==== Data section
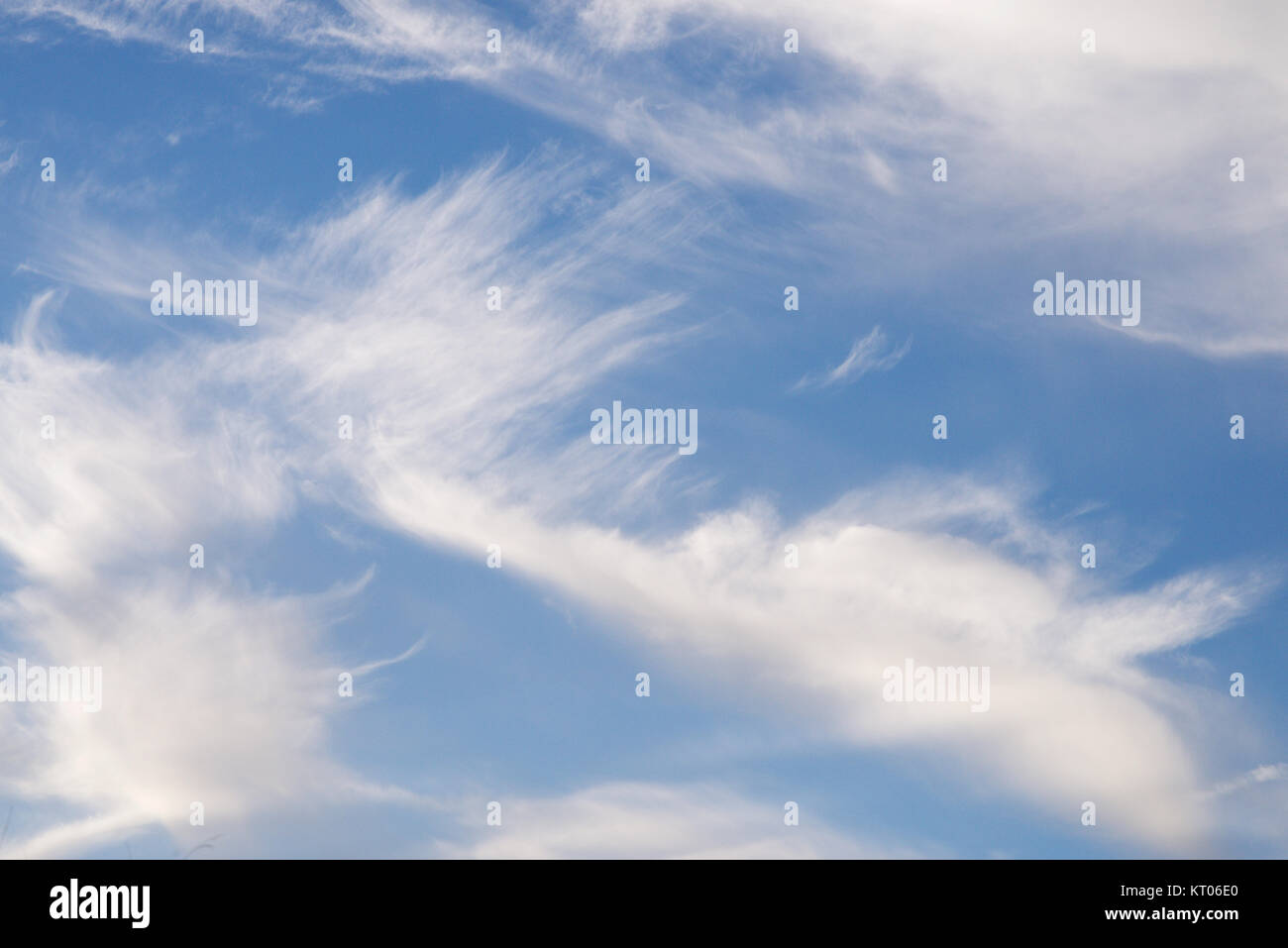 Skyscape - cielo blu e nuvole bianche Foto Stock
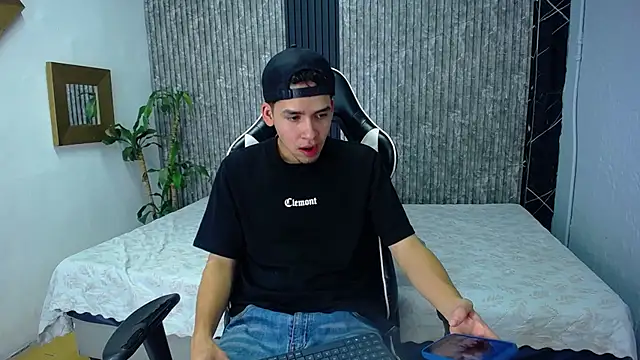 Snapshot of Mike_0233_ chatting on October 19, 4:35 am Mike 0233 online show from October 19, 4:35 am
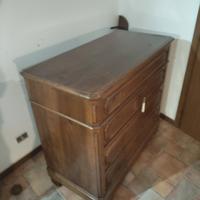cassettiera dell'800 a 4 cassetti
========
Directions. Write the material out again exactly as it appears, dropping the pictures.

Exercise output.
 Skyscape - cielo blu e nuvole bianche Foto Stock
 Snapshot of Mike_0233_ chatting on October 19, 4:35 am Mike 0233 online show from October 19, 4:35 am
cassettiera dell'800 a 4 cassetti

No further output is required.